Washington, DC: Prime Minister Manmohan Singh offered a hand to the US to help build an “open and inclusive” Asia as US President Barack Obama prepared to toast him on Tuesday with his first state dinner.
Common ground: US President Barack Obama (right) greeting Prime Minister Manmohan Singh at the White House on Tuesday. Pablo Martinez Monsivais / AP
Singh said the world’s two largest democracies had common aims on issues from Afghanistan to global health, and said he and Obama would reach some form of common statement on climate change.
Obama hailed India as “indispensable” as he welcomed Singh to the White House on the first state visit of his presidency. “This visit reflects the high esteem in which I and the American people hold your wise leadership,” Obama said.
“We seek to broaden and deepen our strategic partnership and to work with the United States to meet the challenges of a fast-changing world in this 21st century,” Singh said.
Some in India were uneasy about Obama’s early focus on reconciling with China and his giant aid package for Pakistan.
Singh, in an address to the Council on Foreign Relations, said the US and India together can reshape the political landscape in the wake of last year’s US-bred global economic meltdown. “Our generation has an opportunity given to few to remake the new global equilibrium after the irreversible changes” of the crisis, Singh said. “The India-US partnership can contribute to an orderly transition to the new order and be an important factor for global peace and stability,” he said.
Saying Asia was the focal point for major changes, Singh said: “India and the United States can work together with other countries in the region to create an open and inclusive regional architecture.”
Obama welcomed Singh days after the US leader paid his maiden visit to China. While Singh declined to criticize China, he brushed aside concern that India has not grown as quickly as the other Asian giant.
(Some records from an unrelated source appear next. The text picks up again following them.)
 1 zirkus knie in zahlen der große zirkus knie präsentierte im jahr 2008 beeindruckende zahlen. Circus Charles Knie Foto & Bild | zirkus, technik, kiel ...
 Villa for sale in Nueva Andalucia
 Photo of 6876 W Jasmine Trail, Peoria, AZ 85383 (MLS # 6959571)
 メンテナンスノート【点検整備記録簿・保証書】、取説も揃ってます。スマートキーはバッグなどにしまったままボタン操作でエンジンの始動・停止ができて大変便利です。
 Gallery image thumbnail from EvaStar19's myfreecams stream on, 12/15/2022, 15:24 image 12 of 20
He said New Delhi can be proud of its respect for human rights and cultural and religious minorities.
“There are several dimensions of human freedom which are not caught by the number with regard to the gross domestic product,” said Singh, himself an economist.
In an earlier address, Singh highlighted efforts to open the economy and appealed for US investment—even in once taboo areas of defence and nuclear energy. “A strategic relationship that is not underpinned by a strong economic relationship is unlikely to prosper,” Singh told a luncheon of the US Chamber of Commerce and the US-India Business Council.
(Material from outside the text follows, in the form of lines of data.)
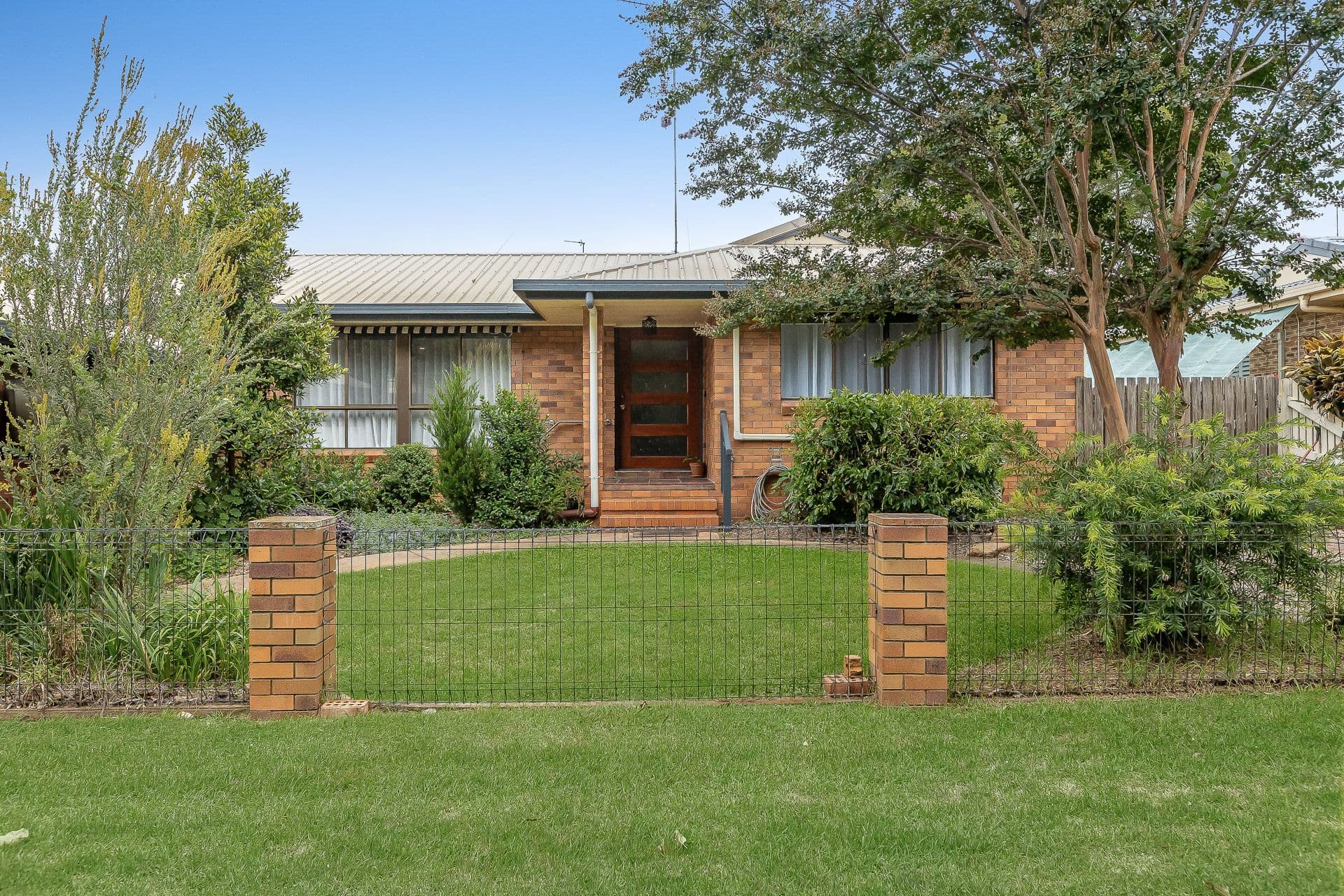 42 Aberdeen Street, Rangeville QLD 4350, Rangeville - Thumbnail 2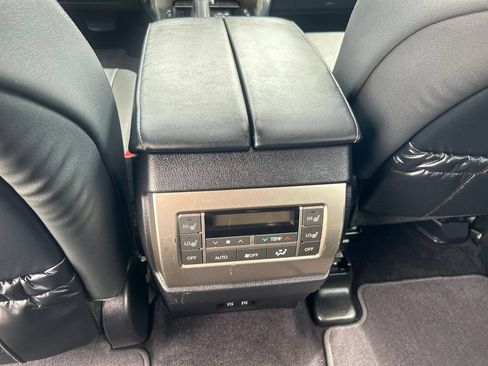 Used 2021 Lexus GX 460 Premium w/ Premium Package AWD/4WD image 30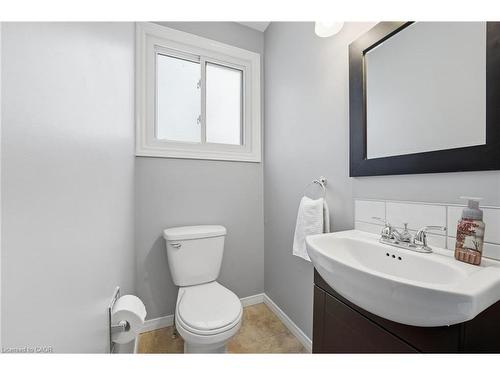 139 The Country Way, Kitchener, ON - Indoor Photo Showing Bathroom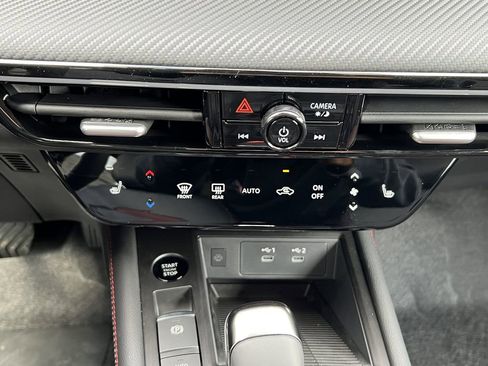 New 2025 Nissan Kicks SR w/ SR Premium Package image 30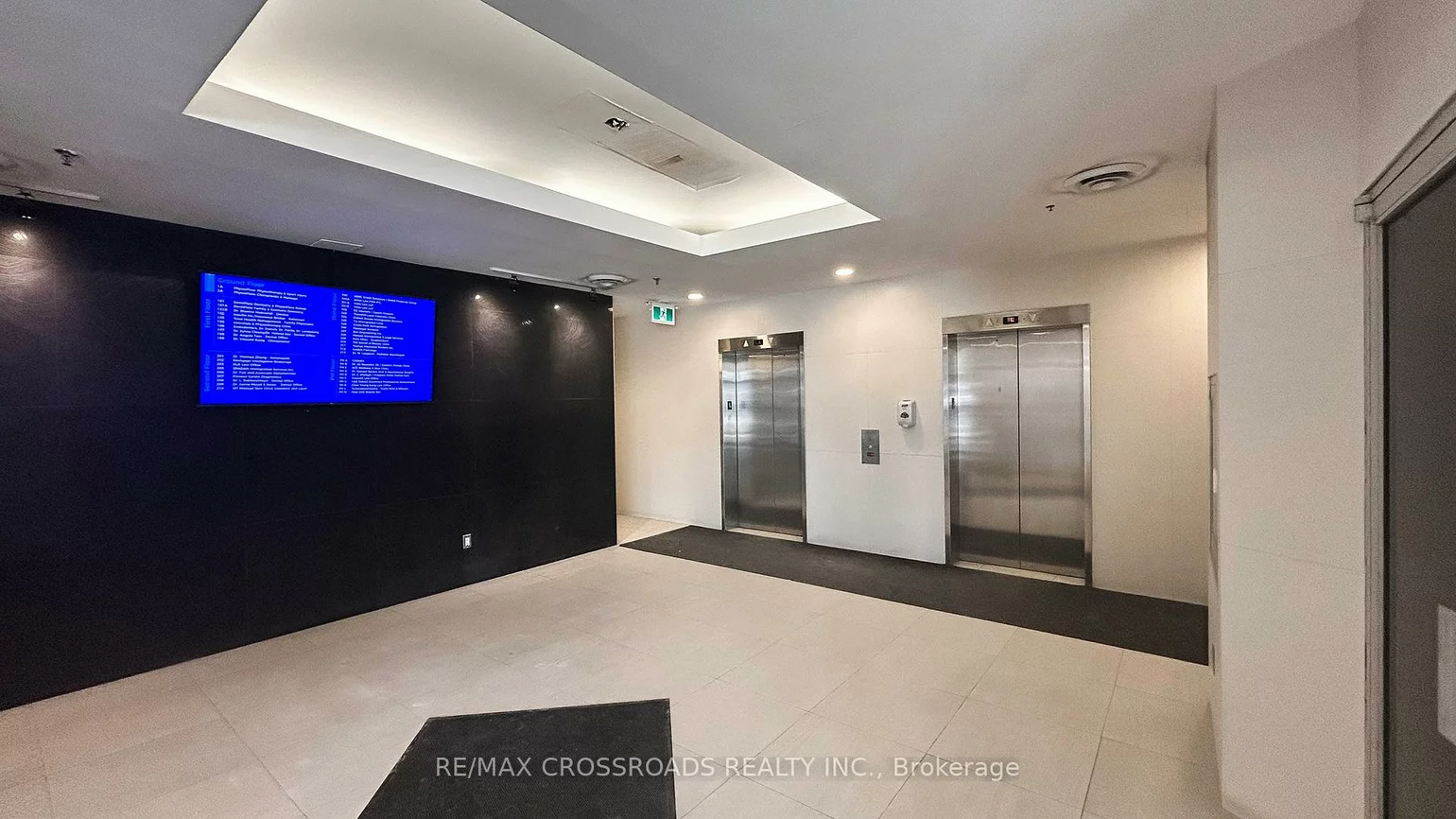 7368, Yonge, Crestwood-Springfarm-Yorkhill, Vaughan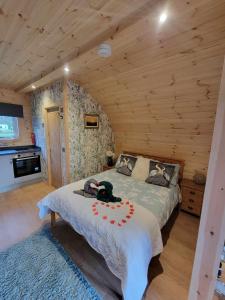 The Galloway Steading - The Herons Nest, secure garden and with Hot Tub and Fire Pit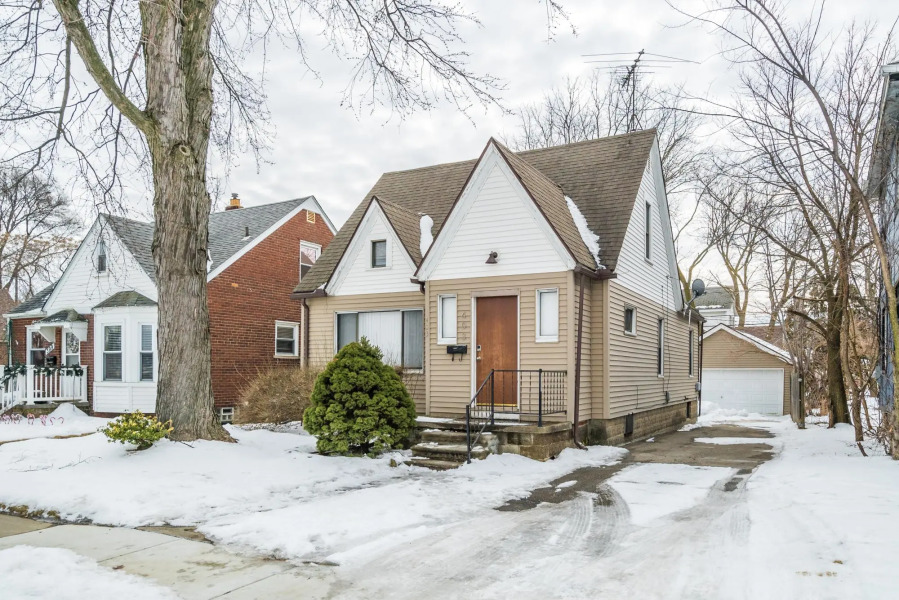 Shiny and comfortable Oakland House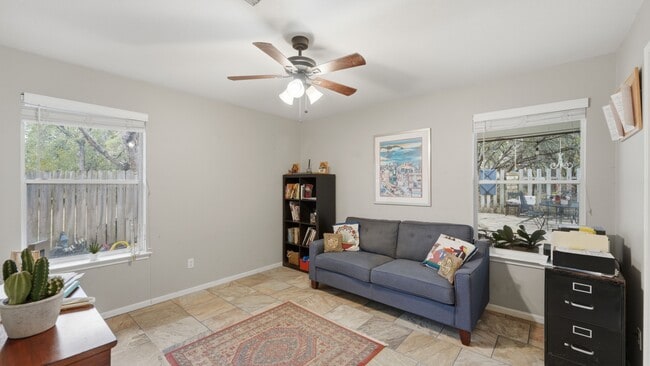 Building Photo - 19 Pebblebrook Ln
Under the former president George W. Bush administration, the US signed a landmark agreement to end India’s isolation on civilian nuclear markets despite New Delhi’s refusal to sign the nuclear non-proliferation treaty. Obama has pledged to move ahead on the nuclear accord, even though some members of his Democratic Party had initially opposed it.
Singh offered Obama advice on his key foreign priority—Afghanistan—urging him to stay committed.
“Any premature talk of exit will only embolden the terrorist elements who are out to destabilize not only our part of the world, but civilized world everywhere,” Singh said.
Singh has also called for the US to step up pressure on Pakistan to rein in Islamic radicals, one year after the Mumbai attacks that killed at least 183 people.